In 2007 Atlantic Shores was gone. I liked it because you could tell visitors it was "straight friendly" and in those days that was rather scandalous. Atlantic Shores was a full service independent motel with a diner attached and a liquor store as well so one had no need to leave the motel. They had pool parties at the clothing optional pool though they weren't for me. I attended the outdoor movie screenings on Thursday nights with my Labrador Emma on my lap.
I don't hate the waterfront brewery in the same way I dislike the building that replaces Atlantic Shores, but I miss the grocery store which had it's own organic vibe and juice bar and internet cafe. The brewery is okay if you like vast barn-like spaces, the food is okay but for some reason I don't feel compelled to go back there. It's not a warm inviting atmosphere as I prefer my drinking space to be. But then again I don't drink much. I miss tying up at the dinghy dock and ordering a  sandwich and getting online. That's all.
I looked forward to Thursdays and the weekly rag appearing. Solares Hill made Key West feel connected to the past. Nowadays the Blue Paper survives as an internet page but back then a weekly paper was a requirement for a town to have independent journalism and Solares Hill provided it. When it got bought out by the Citizen it became a Sunday supplement and I lost interest.

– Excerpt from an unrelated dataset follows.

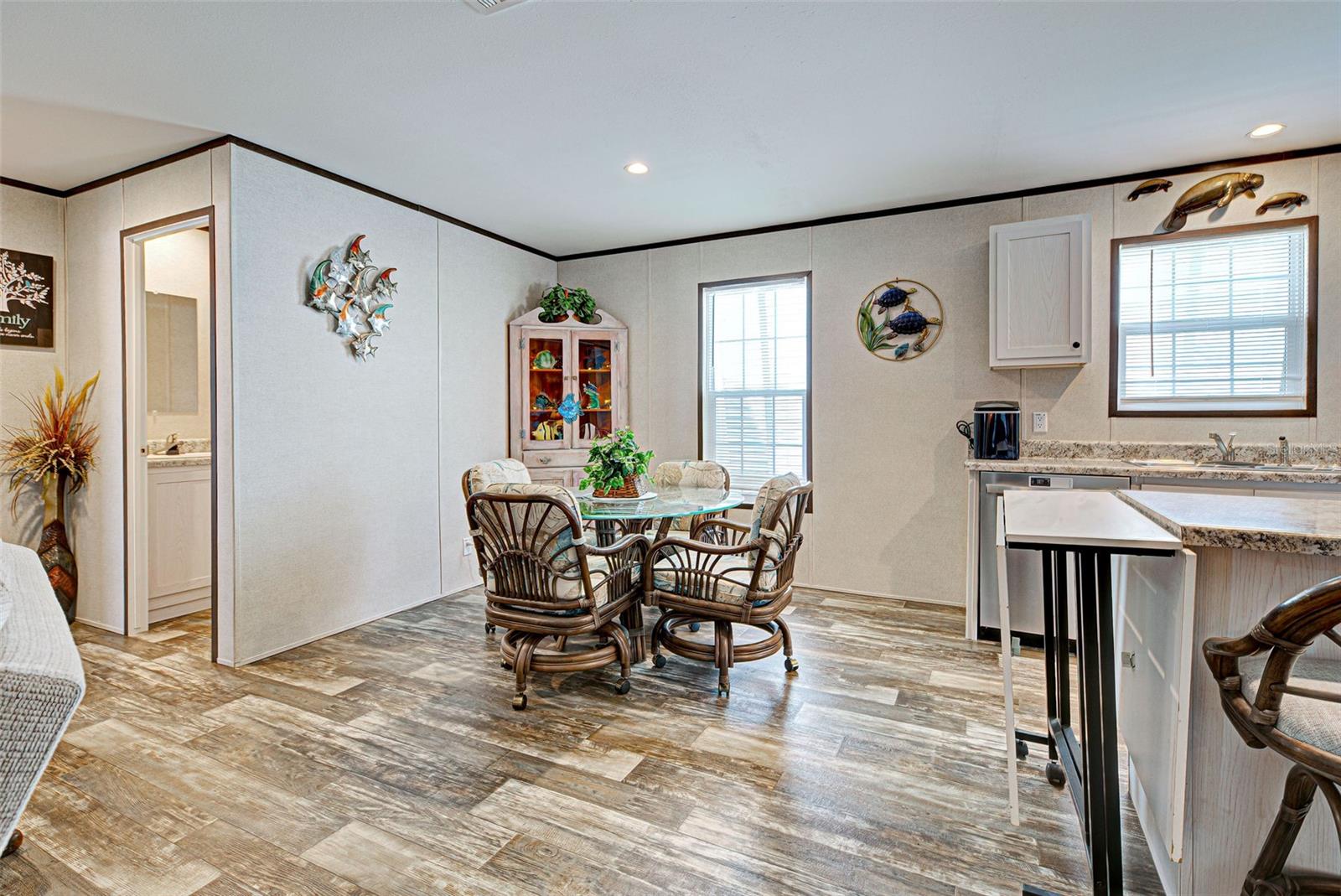 HOLIDAY PARK - Residential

There was a time when the Old State Highway 939A on Sugarloaf was open to vehicles. That allowed the less energetic to get access to a particular fishing hole. That privilege has ended and though I walk Rusty down here frequently I have to say there were never that many cars on the road, and it was fun piloting the Bonneville in the dirt. Oh well.

The 2004 and 2005 hurricane seasons were brutal. They drove a lot of people out of the Keys, and those that stuck out the flooding and disaster relief built some kind of a bond. I can't say I miss those awful endless stormy summers. Another decade of peace and quiet would be nice.